As Linux is licensed under the GPL, this would most likely be illegal. I don't believe it would be possible for Linux to operate effectively/at all on this system without directly altering the kernel source.
GPL states that if someone gives you the moidifed binary, they have to provide you the source. In this case, only NASA has right to demand the access to modified kernel code.

:re Tim
by Christopher X on Wed 22nd Oct 2003 03:11 UTC

I agree, who's doing that to Bascule? The guys opinionated, but he's no troll.

Kobold
by Bascule on Wed 22nd Oct 2003 04:04 UTC

GPL states that if someone gives you the moidifed binary, they have to provide you the source.

Correct

In this case, only NASA has right to demand the access to modified kernel code.

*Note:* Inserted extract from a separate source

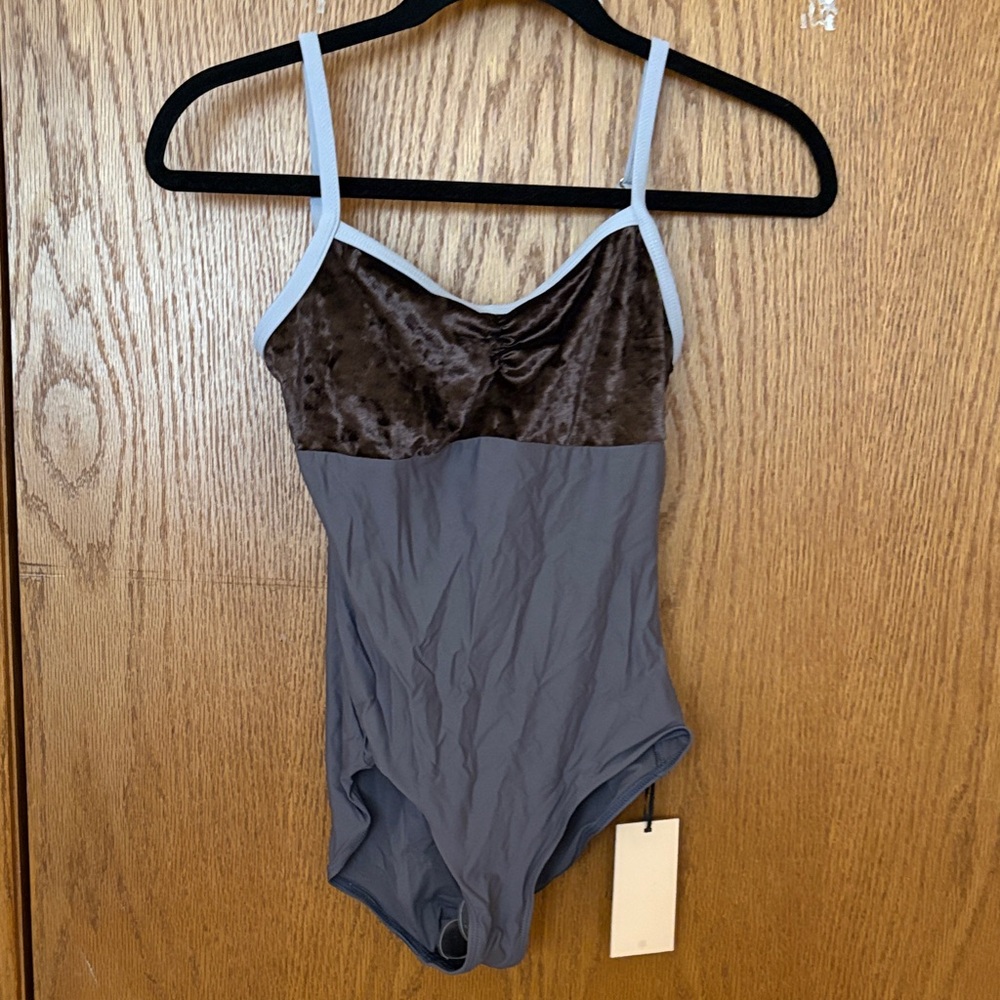 BNWT BODILE LEO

Careful, I don't think you have enough information to draw that conclusion. You would have to know if SGI is charging anything for Linux on the Altix. If they are, then under the "equivalent access" clause of the GPL (http://www.gnu.org/licenses/gpl-faq.html#DoesTheGPLAllowDownloadFee) they must make the source available for a price equal to or less than what they're charging for the Linux binaries.

More lawyering...
by Kobold on Wed 22nd Oct 2003 05:00 UTC

http://www.gnu.org/licenses/gpl-faq.html#GPLRequireSourcePostedPubl...
--------------8<--------------
The GPL does not require you to release your modified version. You are free to make modifications and use them privately, without ever releasing them. This applies to organizations (including companies), too; an organization can make a modified version and use it internally without ever releasing it outside the organization.

But if you release the modified version to the public in some way, the GPL requires you to make the modified source code available to the program's users, under the GPL.

Thus, the GPL gives permission to release the modified program in certain ways, and not in other ways; but the decision of whether to release it is up to you.
--------------8<--------------
Therefore, the only thing they have to do is to provide NASA with the source of their kernel version.

Altrix development
by dubhthach on Wed 22nd Oct 2003 09:04 UTC

Interesting article i found there that appeard on linuxjournal back in jan. It's by the "Linux engineering director" at sgi
http://www.linuxjournal.com/article.php?sid=6440

Re: Kobold
by Bascule on Wed 22nd Oct 2003 20:34 UTC

The GPL does not require you to release your modified version. You are free to make modifications and use them privately, without ever releasing them. This applies to organizations (including companies), too; an organization can make a modified version and use it internally without ever releasing it outside the organization.

But if you release the modified version to the public in some way, the GPL requires you to make the modified source code available to the program's users, under the GPL.


Please click this link: http://www.gnu.org/licenses/gpl-faq.html#DoesTheGPLAllowDownloadFee

You will clearly see that if you sell binaries of a GPL program, you must make the source available for an equal or lesser price.

Therefore, the only thing they have to do is to provide NASA with the source of their kernel version.

If they are selling the kernel binaries, they must make the source available to anyone for an equal or lesser cost. See the link.

Of course, this is all moot given this: http://oss.sgi.com/projects/sgi_propack/

...although I don't see the high availability tools there. How does one hot swap a defective CPU or RAM? Is this even possible on the Altix, or would a defective CPU or RAM bring down the entire kernel?